Many thanks for the invitation to join you today.

The title of this conference calls biotech 'the invisible revolution'.
Which is true. Yet this all but invisible technology is reshaping
agriculture and industry; revolutionising medicine. Biotechnology is
arguably the coal face of applied science in the twenty first century.

But biotech can arouse strong emotions. There is something in human
nature that can make us afraid of science, nervous of new
technologies. When those technologies affect the basic materials of
life, the concerns are magnified.

But technological change has transformed the way we live immeasurably
for the better. The scientific revolution taught us how to understand
the natural world. Technological change has given us the capacity to
shape and develop it for the public good.

My essential message today is that biotechnology is a critical part of
the world's economic and environmental future. But it touches on some
deeply sensitive issues -- it goes right to the heart of how we feel
about nature, risk and technology.

There are still those who are unnerved at the speed with which
science, and the application of science through technology, changes
our lives.

Biotech is at the sharpest end of that technological revolution -- and
evokes some of the strongest responses. Its advocates -- like the
advocates of many new technologies -- sometimes make expansive claims.
Its opponents say untested technology is being pushed on unwilling
people. The atmosphere can end up so impossibly polarised that a
rational public debate becomes impossible.

However, we must not allow the positive argument for biotech to be
lost because public authorities and governments are sometimes afraid
or unable to make the case to their citizens. That is not the
leadership the public has the right to expect. As others around the
world move ahead -- in the United States and Japan, but also the
emerging economies -- we in Europe must also play a leading role in a
sector that will play such an important role in tomorrow's economy.

So we need an open and rational debate about the risks and benefits of
biotechnology more than ever. That debate -- and the implications for
trade and development -- is what I would like to talk about today.

The Biotech Economy

We are already living in a biotech era -- from the medicine you take
to the laundry detergent you use. In the health sector, biotechnology
is now an essential part of the development of new drugs and
therapies. Industrial biotechnology that can replace chemical
processes and the consumption of fossil fuels will be important in
reducing Europe's carbon footprint. The European Union's bio-fuel
strategy would not be possible without industrial biotechnology.

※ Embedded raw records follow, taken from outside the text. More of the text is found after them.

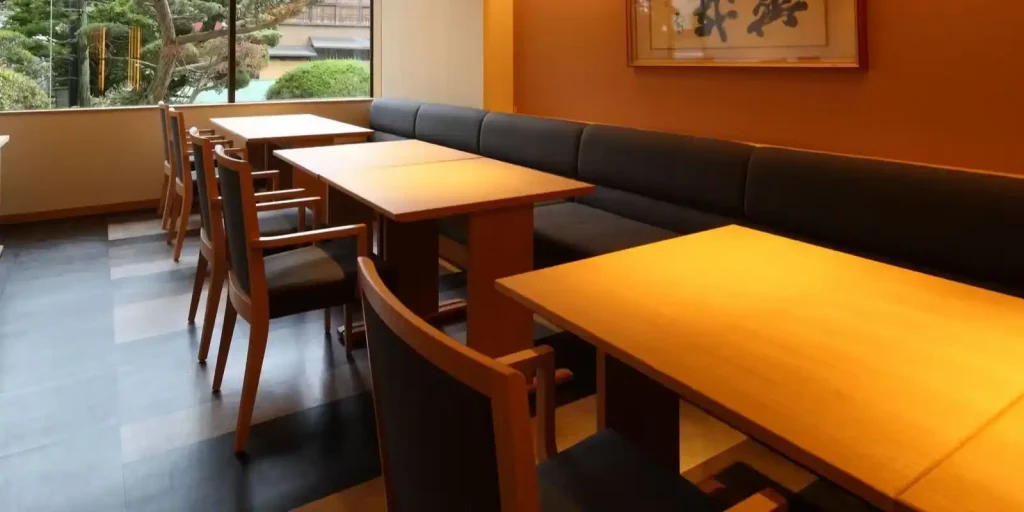 旬彩 猪名野の店内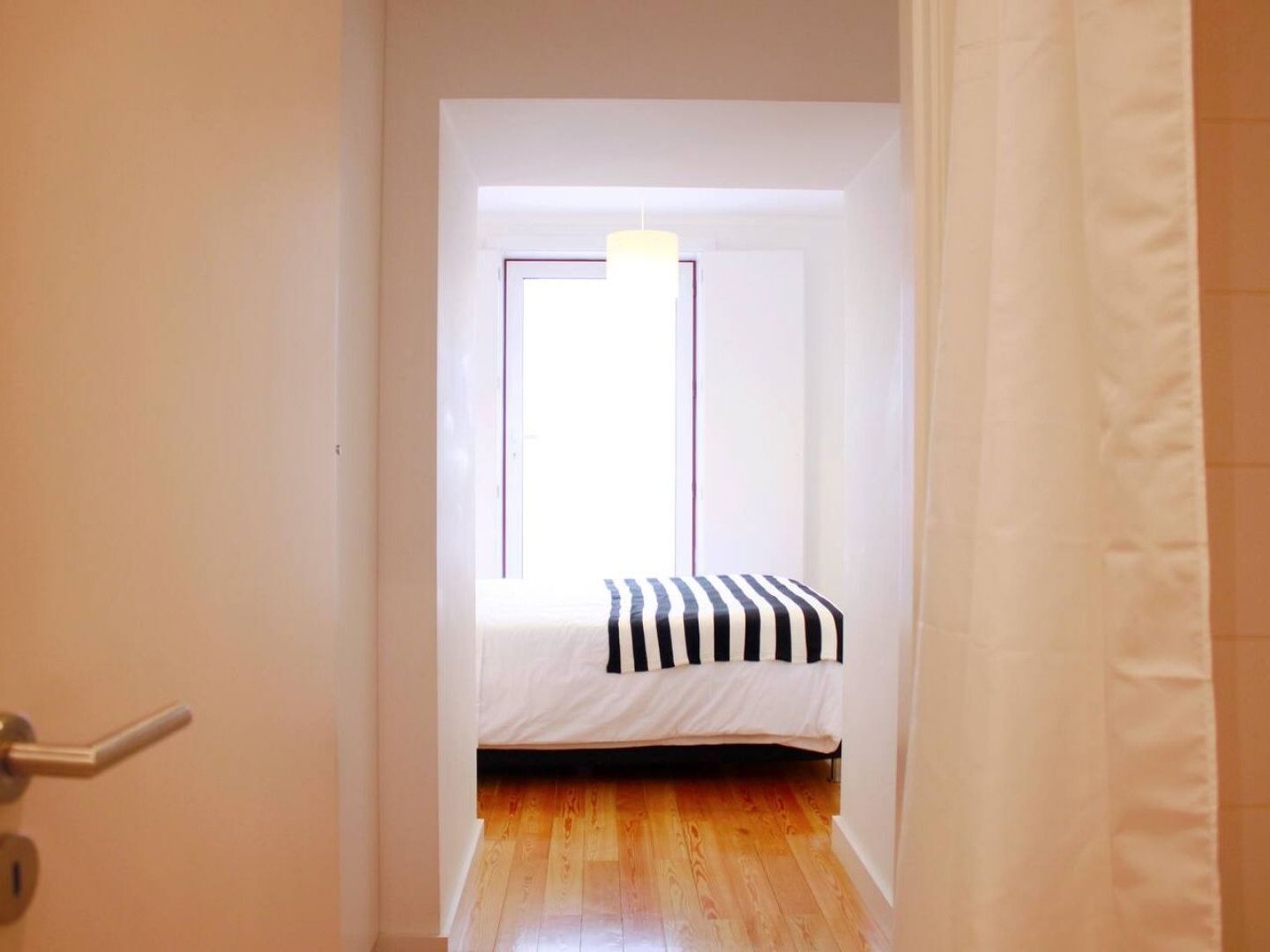 Joivy Modern 1-Bed Apt With Terrace, Moments From Sao Bento Palace Lisboa Екстериор снимка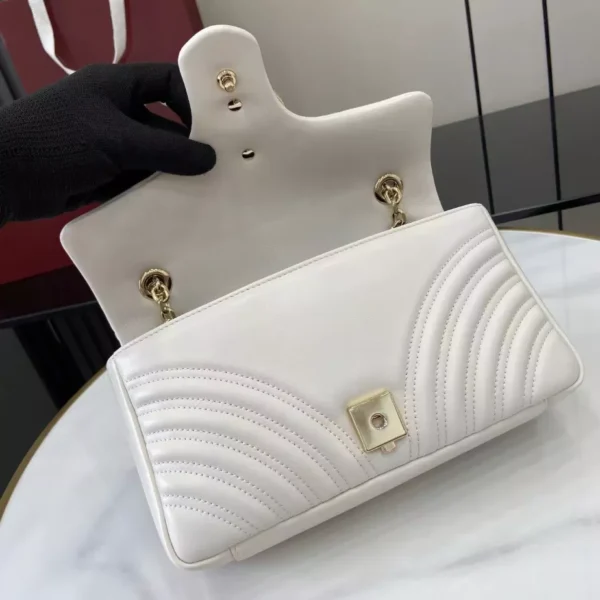 GG Marmont Medium Shoulder Bag - GH48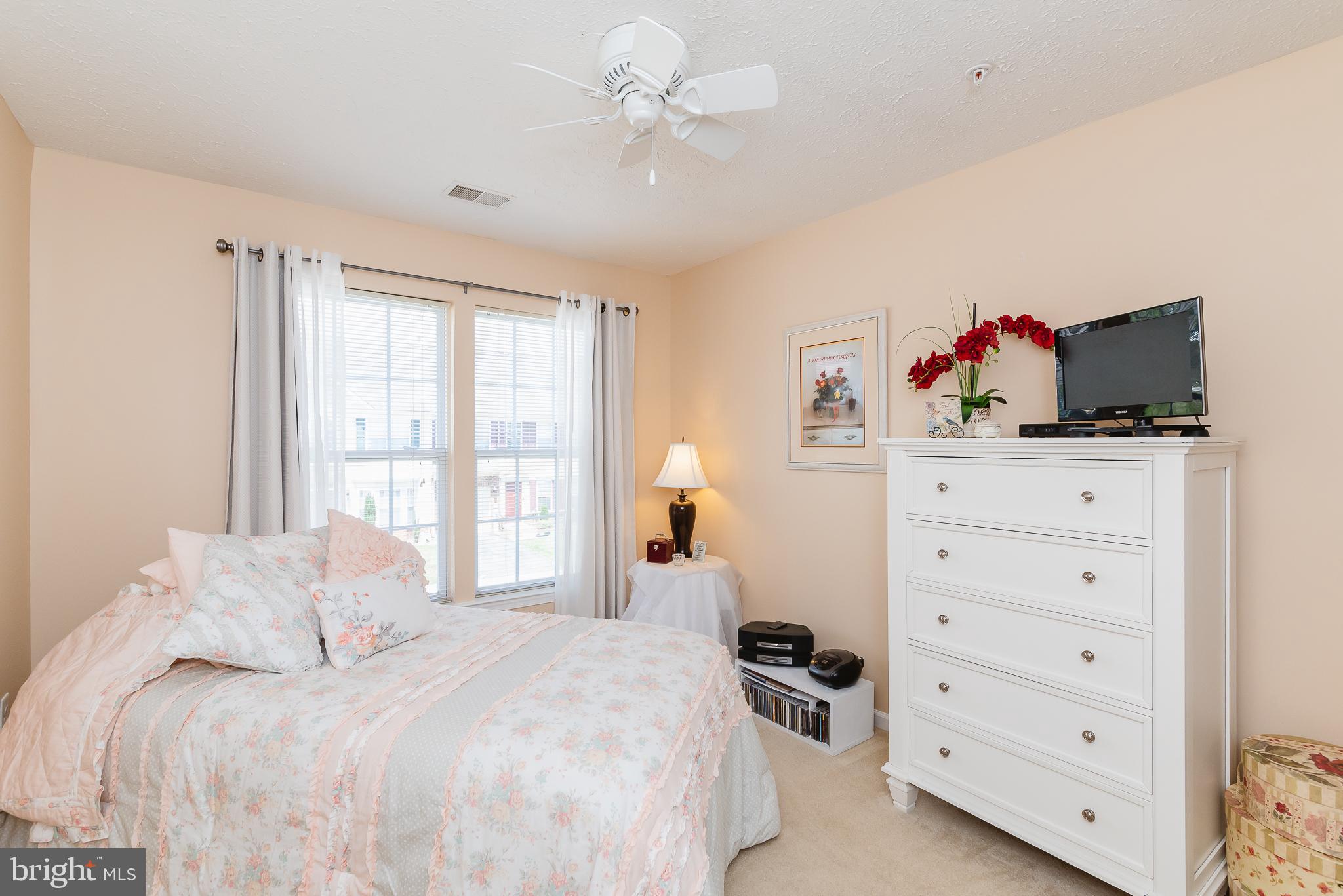 HOLLY WOODS - Residential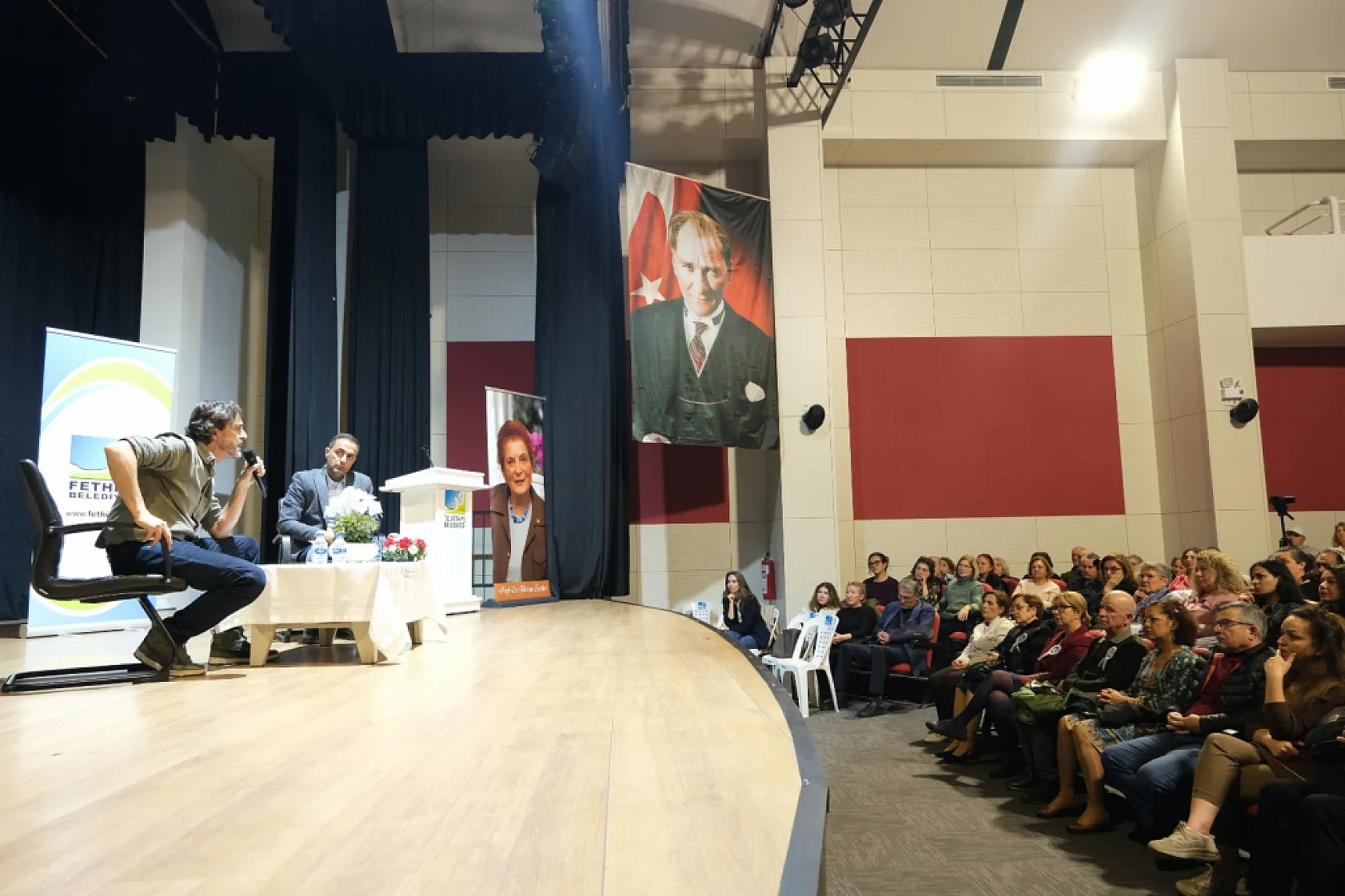 Fethiye'de 'Eğitimde Güncel Sorunlar' konferansına yoğun ilgi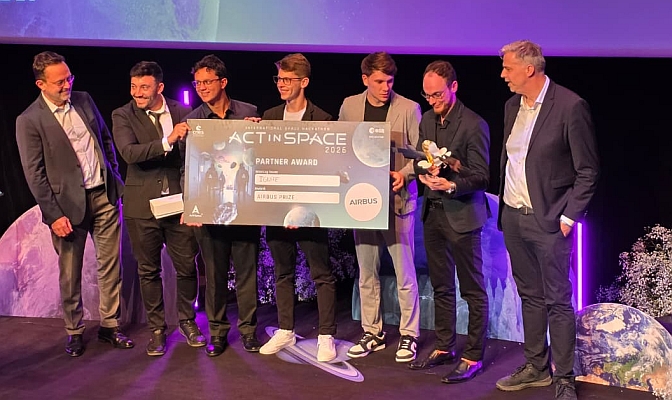 Equipe brasileira é premiada com solução que leva gestão de infraestrutura ao espaço Equipe brasileira é premiada com solução que leva gestão de infraestrutura ao espaço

Most Europeans are not overly troubled by this. In fact, the most
recent Eurobarometer on this subject from 2005 actually showed that
most Europeans are enthusiastic about potential new applications of
biotechnology.

But there is one glaring exception. Something like six in ten
Europeans say they oppose Genetically Modified food. When applied to
agriculture and the food we eat, biotech appears more threatening and
our reaction is more ambivalent. Nevertheless, half of Europeans still
say that they would be ready to buy GM food if it were healthier or
more environmentally friendly. Which suggests that the advocates of
biotechnology need to do a lot more to explain what biotech is, and
what its real risks and benefits are.

The role of science and risk

Like any new science, biotechnology carries risks and those risks must
be probably assessed and managed. EU legislation on the approval of
biotech products requires all new products to be thoroughly tested to
the most rigorous scientific standards.

But no technology can ever be totally risk free. So we have developed
the precautionary principle which is now incorporated in most EU
policy on environmental and health protection. The precautionary
principle is not about purely hypothetical hazards. It carries its own
strict preconditions. First, a potentially dangerous effect must be
identified and second, it must be possible to show clearly that we do
not have the scientific means to judge properly the level of risk.

This process takes time, and those whose job it is to manage risk are
right to be thorough. But it is also reasonable to insist that when
the process has run its course, and the scientific issues have been
thrashed out, we stand by the science. And that applies to both the
technical experts and to the politicians they report to. A rigorous
system means approving GM imports when the science is on their side
just as we take a firm line when precaution is justified.

It is hard enough to communicate the outcome of complex scientific
assessments to people in a simple but clear manner. If politicians and
risk managers undermine their own system it becomes almost impossible.
We devalue objective science as our most important benchmark -- and
that is a dangerous step to take.

Biotechnology and the (next) green revolution

The reason for a consistent, science-based approach to GMOs is not
only a matter of good government and public trust. A rational debate
on GMOs is a matter of the economic future and well-being of people
around the world.

Take agriculture. The world's population is projected to reach 9
billion people by 2050. The Food and Agriculture Organisation
anticipates that world food demand will double by that date, while
agriculture will have to produce more energy crops and more raw
materials for industry if we want to tackle climate change.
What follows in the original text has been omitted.